É um preconceito sutil, disfarçado, com vergonha de ser preconceito. E que se traduz, por exemplo, no desaparecimento de personagens negros no decorrer de
uma novela ou na criação de papéis interpretados por atores negros soltos na trama, sem base familiar, sem uma história.
Ao expressarem conceitos preconceituosos de modo tortuoso,
as novelas acabam reforçando o
preconceito da sociedade.
Nos últimos 20 anos, houve
muitas mudanças na forma como
são tratados os personagens negros. Agora, existem famílias negras de classe média nas novelas,
mas a maioria dos avanços foram
seguidos de um passo para trás.
Essas são as principais conclusões de uma pesquisa sobre os negros nas novelas que está sendo finalizada pela antropóloga Solange
Martins Couceiro de Lima, professora da Escola de Comunicações e Artes (ECA) da USP (Universidade de São Paulo).
Ela e uma equipe de pesquisadores analisaram cerca de 25 novelas
da Rede Globo, que foram ao ar às
19h e às 20h, de 1975 até hoje.
Como o número de novelas
transmitidas por todos os canais
de TV nesse período foi muito
grande, acabou se escolhendo
apenas as da Globo, que foram habitualmente líderes de audiência.
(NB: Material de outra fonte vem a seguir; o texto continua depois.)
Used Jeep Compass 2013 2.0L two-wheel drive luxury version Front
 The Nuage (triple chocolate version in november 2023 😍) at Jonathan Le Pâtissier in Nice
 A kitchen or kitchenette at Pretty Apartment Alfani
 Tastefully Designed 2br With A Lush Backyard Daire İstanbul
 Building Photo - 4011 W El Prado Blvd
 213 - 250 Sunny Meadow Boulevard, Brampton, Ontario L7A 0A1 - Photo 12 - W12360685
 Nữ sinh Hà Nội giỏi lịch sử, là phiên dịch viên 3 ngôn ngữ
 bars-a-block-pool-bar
Também foram excluídas as novelas que tratavam de temas ligados à escravatura, que obviamente
dão um tratamento muito específico aos personagens negros. Além
disso, Solange fez entrevistas com
alguns autores e atores de novelas.
Solange não acha que é papel da
novela mudar a sociedade -o
máximo que consegue é mudar e
criar modas. Mas, em sua opinião,
as telenovelas reforçam a imagem
desfavorável dos negros inclusive
entre os próprios negros.
Não seria de exclusiva responsabilidade dos autores essa situação,
segundo Solange -exatamente
por ser sutil, o preconceito às vezes se manifesta mesmo quando a
intenção é tentar mostrar que não
existe preconceito.
Autor de novelas como "Fera
Ferida" e de seriados como
"Tenda dos Milagres", com
grande participação dos negros e
ele mesmo mulato -ou negro,
como prefere se classificar-,
Aguinaldo Silva diz que o preconceito revelado nas novelas reproduz o preconceito dos brasileiros.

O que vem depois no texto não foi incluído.